We’re back with another installment of IF:Then, the hottest newsletter about legal strategy at the intersection of law and technology that all the kids are talking about. If you want to be in the know, make sure you go ahead and subscribe.
Gary Gensler is on a warpath! Janet Yellen is comin’ for your coins! It’s regulation szn in the world of crypto, and here in the US a clear trend is emerging. Subponeas. Are. Flying. Speaking at a crypto conference? You might get served on stage. Thems the breaks.
Technically, this trend of extreme service isn’t limited to subpoenas exclusively. We’ve got C&Ds, OSCs, MP3s . . . it’s hard to keep track. I don’t think Oprah is moonlighting as a federal regulator, but don’t ever tell me she wouldn’t kill it if she did.
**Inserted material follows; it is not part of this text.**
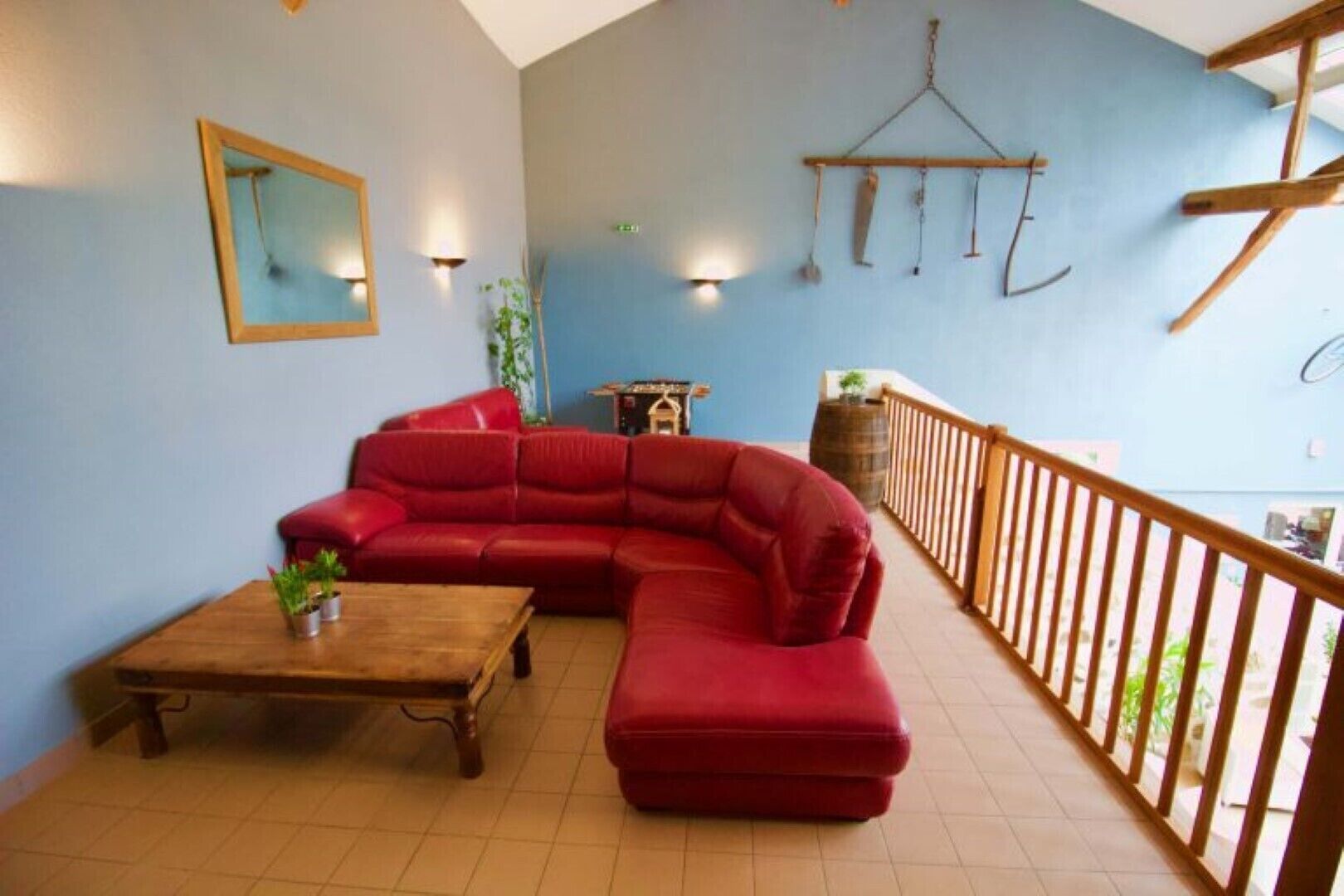 A living room with a red sectional sofa, a wooden coffee table, and a hanging light fixture.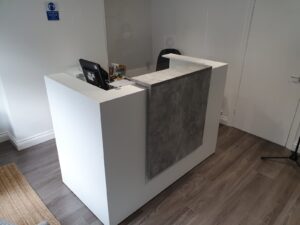 Installed white reception desk for a customer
The point is, people are getting served, and apparently it can happen anywhere. Let’s dig into it!
It feels like ages ago we were talking about crypto-lender BlockFi getting tripped up by New Jersey, Texas, and Alabama, throwing a wrench into their perpetual fundraising machine. Not to be outdone, BlockFi competitor Celsius is now in the regulatory cross-hairs, having received regulatory missives from those same three states. And lest we point our fingers and laugh at the centralized platforms, decentralized exchange Uniswap is getting a look of their own, with news that the SEC has opened an investigation.
But perhaps the most interesting battle in this securities supermarket sweep spilled onto the mean streets of social media earlier this month with leading cryptocurrency exchange Coinbase getting served with Wells Notice (basically a “hey we’re going to sue you” letter) from the SEC. In response, Coinbase Chief Legal Officer Paul Grewal, LinkedIn’s last hero this side of Dan Price, teamed up with CEO and "mission-focus" aficionado Brian Armstrong to let loose an early-festivus airing of grievances. Grewal took the pen on the Coinbase Blog with a post titled, “The SEC has told us it wants to sue us over Lend. We don’t know why.” Armstrong, on the other hand, took to twitter with a thread calling out the SEC’s “sketchy behavior”, including Armstrong personally getting snubbed by the regulators on a trip to DC.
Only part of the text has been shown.